Work to be completed
Transcribe the records below exactly.

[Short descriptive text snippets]
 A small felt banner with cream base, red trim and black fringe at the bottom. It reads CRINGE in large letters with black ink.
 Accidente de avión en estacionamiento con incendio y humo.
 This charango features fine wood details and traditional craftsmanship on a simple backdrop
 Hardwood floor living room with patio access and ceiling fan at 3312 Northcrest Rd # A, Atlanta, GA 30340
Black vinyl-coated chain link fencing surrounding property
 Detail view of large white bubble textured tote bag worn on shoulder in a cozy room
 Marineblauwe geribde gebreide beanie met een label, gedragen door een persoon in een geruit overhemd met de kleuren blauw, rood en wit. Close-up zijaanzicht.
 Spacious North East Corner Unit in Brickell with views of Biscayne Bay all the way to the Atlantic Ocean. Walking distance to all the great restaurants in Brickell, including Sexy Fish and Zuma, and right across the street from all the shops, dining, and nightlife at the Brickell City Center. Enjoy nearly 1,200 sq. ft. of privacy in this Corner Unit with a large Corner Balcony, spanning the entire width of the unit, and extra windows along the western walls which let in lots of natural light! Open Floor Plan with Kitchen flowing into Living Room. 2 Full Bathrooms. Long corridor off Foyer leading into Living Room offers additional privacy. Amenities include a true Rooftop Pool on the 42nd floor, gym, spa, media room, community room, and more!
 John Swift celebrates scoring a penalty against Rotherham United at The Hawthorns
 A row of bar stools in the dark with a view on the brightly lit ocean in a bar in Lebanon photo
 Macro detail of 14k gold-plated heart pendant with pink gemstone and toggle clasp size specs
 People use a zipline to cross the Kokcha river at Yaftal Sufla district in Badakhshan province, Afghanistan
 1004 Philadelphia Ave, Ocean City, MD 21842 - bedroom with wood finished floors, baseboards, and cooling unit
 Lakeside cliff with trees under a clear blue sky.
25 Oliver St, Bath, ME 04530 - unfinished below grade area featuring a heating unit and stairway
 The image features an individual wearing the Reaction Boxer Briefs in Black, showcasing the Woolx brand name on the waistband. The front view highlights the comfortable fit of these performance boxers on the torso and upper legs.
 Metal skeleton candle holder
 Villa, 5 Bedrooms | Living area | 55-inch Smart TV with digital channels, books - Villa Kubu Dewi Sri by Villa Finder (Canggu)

Result for this exercise
 A small felt banner with cream base, red trim and black fringe at the bottom. It reads CRINGE in large letters with black ink.
 Accidente de avión en estacionamiento con incendio y humo.
 This charango features fine wood details and traditional craftsmanship on a simple backdrop
 Hardwood floor living room with patio access and ceiling fan at 3312 Northcrest Rd # A, Atlanta, GA 30340
Black vinyl-coated chain link fencing surrounding property
 Detail view of large white bubble textured tote bag worn on shoulder in a cozy room
 Marineblauwe geribde gebreide beanie met een label, gedragen door een persoon in een geruit overhemd met de kleuren blauw, rood en wit. Close-up zijaanzicht.
 Spacious North East Corner Unit in Brickell with views of Biscayne Bay all the way to the Atlantic Ocean. Walking distance to all the great restaurants in Brickell, including Sexy Fish and Zuma, and right across the street from all the shops, dining, and nightlife at the Brickell City Center. Enjoy nearly 1,200 sq. ft. of privacy in this Corner Unit with a large Corner Balcony, spanning the entire width of the unit, and extra windows along the western walls which let in lots of natural light! Open Floor Plan with Kitchen flowing into Living Room. 2 Full Bathrooms. Long corridor off Foyer leading into Living Room offers additional privacy. Amenities include a true Rooftop Pool on the 42nd floor, gym, spa, media room, community room, and more!
 John Swift celebrates scoring a penalty against Rotherham United at The Hawthorns
 A row of bar stools in the dark with a view on the brightly lit ocean in a bar in Lebanon photo
 Macro detail of 14k gold-plated heart pendant with pink gemstone and toggle clasp size specs
 People use a zipline to cross the Kokcha river at Yaftal Sufla district in Badakhshan province, Afghanistan
 1004 Philadelphia Ave, Ocean City, MD 21842 - bedroom with wood finished floors, baseboards, and cooling unit
 Lakeside cliff with trees under a clear blue sky.
25 Oliver St, Bath, ME 04530 - unfinished below grade area featuring a heating unit and stairway
 The image features an individual wearing the Reaction Boxer Briefs in Black, showcasing the Woolx brand name on the waistband. The front view highlights the comfortable fit of these performance boxers on the torso and upper legs.
 Metal skeleton candle holder
 Villa, 5 Bedrooms | Living area | 55-inch Smart TV with digital channels, books - Villa Kubu Dewi Sri by Villa Finder (Canggu)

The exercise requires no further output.